At least once a week I go through the process of helping people find good options for therapists. It is very difficult to navigate the world of counseling when you are not familiar with it. And often you really need someone who is specialized in a certain way to really make progress. For example, I don’t work with couples, so when couples contact me, I refer out to other therapists that specialize in working with couples. So I decided for this week’s blog I would write a guide for finding a good therapist. Here is a step by step guide:

  1. Decide if you want to use your insurance or not. If you have insurance, you can either go with a therapist that is mostly covered by your insurance (in-network) or you can use your “out of network benefits.” This decision will most likely be made based on what you can afford. Most often therapists that do not participate in insurance plans are sought after enough that they do not need to participate in insurance plans to get business or they prefer not to interface with insurance plans. Additionally, therapists that do not participate in insurance plans usually have a certain number of clients that they will see for a reduced or adjusted fee (sliding scale) based on your income level. Often the experience and expertise of the therapist is reflected in their rates per session. 
    1. IN-NETWORK - If you use an in-network therapist, the sessions will be be covered aside from a copay. You can call your insurance company to find out what your copay is for outpatient therapy is. 
    2. OUT-OF-NETWORK - Call your insurance company to find out what percentage of your fee they cover and what deductible you may have to meet before you receive reimbursement for sessions. Some insurance plans do not have out-of-network benefits. You will most likely file your own claims to your insurance company with receipts from the therapist. Then your insurance company will reimburse a portion of your fees.
    3. PAYING OUT OF POCKET - Sometimes you will want to choose a therapist based on their expertise and will be willing and able financially to pay for the services even if you don’t have out-of-network benefits. Coaches services for example are not reimbursed by insurance. 
    4. SLIDING SCALE - Many therapists have several slots for clients that cannot afford their full rate and will adjust your rate to match your income
  2. Specializations: Now that you have an idea of whether you will use insurance or not, start considering what types of specializations you need or want in a therapists. You may want to research some of these different specializations before looking up therapists. Here are some aspects to consider:
    1. gender - would you like to work with a man, women, or LGBTQ clinician
    2. focus on age - do you want a therapists that works exclusively with your age group
    3. diagnosis - you may have seen a psychiatrist and know you have a specific diagnosis that you would like to work on. do you want a therapist that specializes in that particular issue
    4. modality or training - would you like to work with a therapist that has a specific training or uses a specific technique. there are a range of techniques available to work in.

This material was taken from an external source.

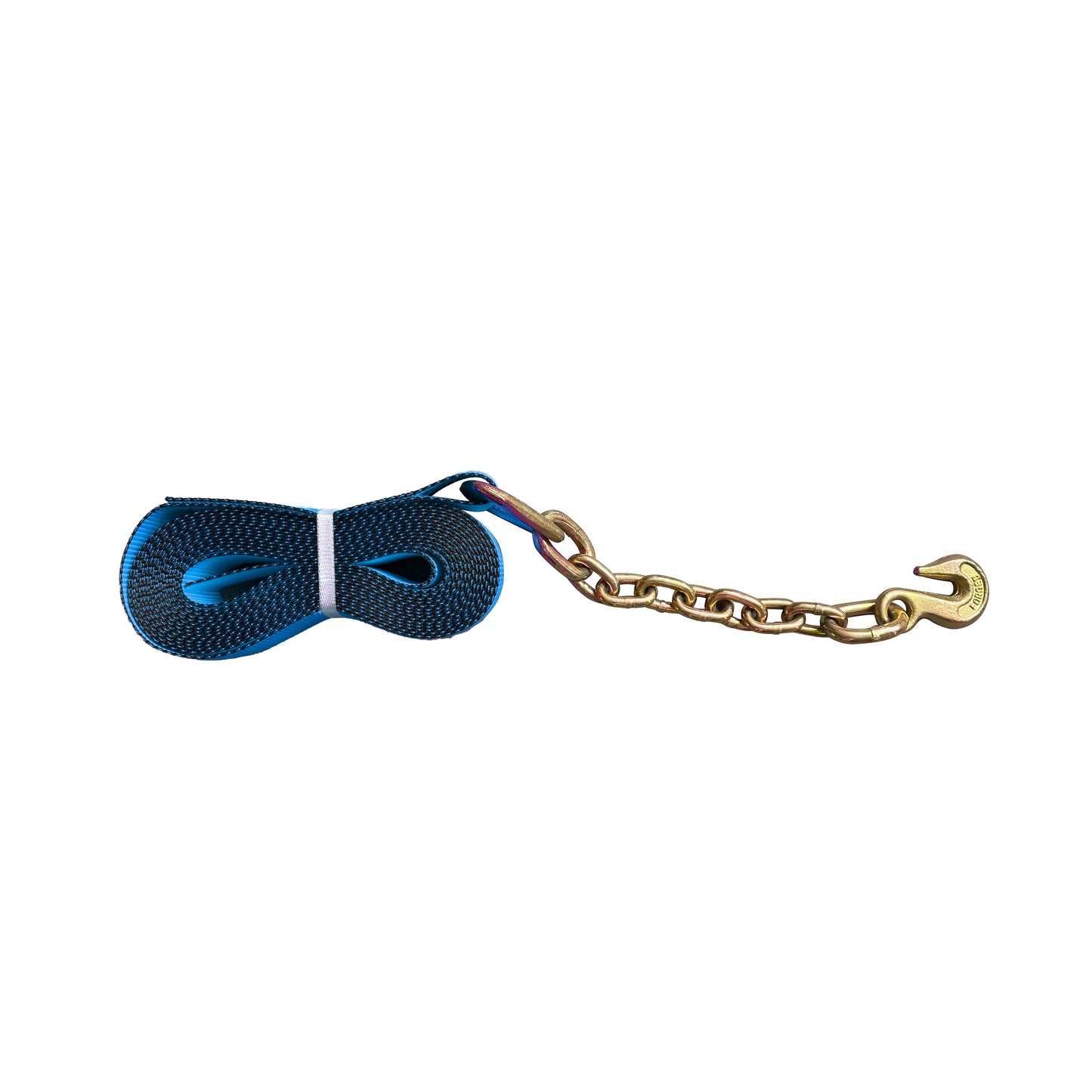 Blue 4 Inch x 27 Feet Winch Strap With Chain Grab Hook 18000-Lbs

Here are few of my favorites, feel free to contact me about further recommendations about techniques:
      1. EMDR - for trauma and very stuck patterns you can’t seem to stop
      2. Art Therapy and Dance Therapy - especially helpful for children, trauma, geriatrics, and those who tend to be intellectuals and struggle to connect with more creative and intuitive living
      3. Somatic Therapies - Sensorimotor Psychotherapy, Hakomi, and Somatic Experiencing are all focused on integrating the experience of the body and mind to heal trauma and break through limitations and negative belief structures
      4. DBT - great for suicidal ideation, self-injury, and emotional explosiveness
      5. Gottman - for couple’s work
    5. spirituality - would you like a therapist with a similar spiritual or religious background or approach
  3. Zip code - In terms of actually looking a therapists up, here is how you do it:
    1. go to and find the link for “Find a therapist” 
    2. put your zip code in and how far you are willing to travel from your zip code, you can always expand your search
    3. put in the different details you are looking for in a therapist (as described above) and remember to put your insurance company in the search if you want to try to find a therapist that takes your insurance plan


Some advice from a therapist in your search:

  1. Word of mouth versus looking up a therapist - It can be helpful to talk with friends and family about therapists they know as opposed to just starting from scratch. 
  2. Trauma-informed and attachment based - I highly recommend you look for these buzz words in therapists’ descriptions of themselves and their work. These two terms imply that the therapist has had more recent and advanced training and is not still working from Freudian techniques
  3. Don’t be afraid to shop around. It is a service, don’t be afraid to try a few therapists before deciding on one. And if you start working with someone and don’t think it is a good fit, tell them and switch to a new therapist.
  4. See a therapist that specializes in the concerns you want to work on. Don’t waste your money on a therapist that works with everyone and everything or it may take years longer to work through the issue you want to work through.
  5. Find a therapist that is works in a strength based approach and spends time on celebrating victories as much as they focus on processing issues. 
  6. Ask for a free consultation before paying for a session to see if it is a good fit.
  7. Your therapist will prob recommend working together once a week to start. I recommend this as well. It is important to build a relationship. 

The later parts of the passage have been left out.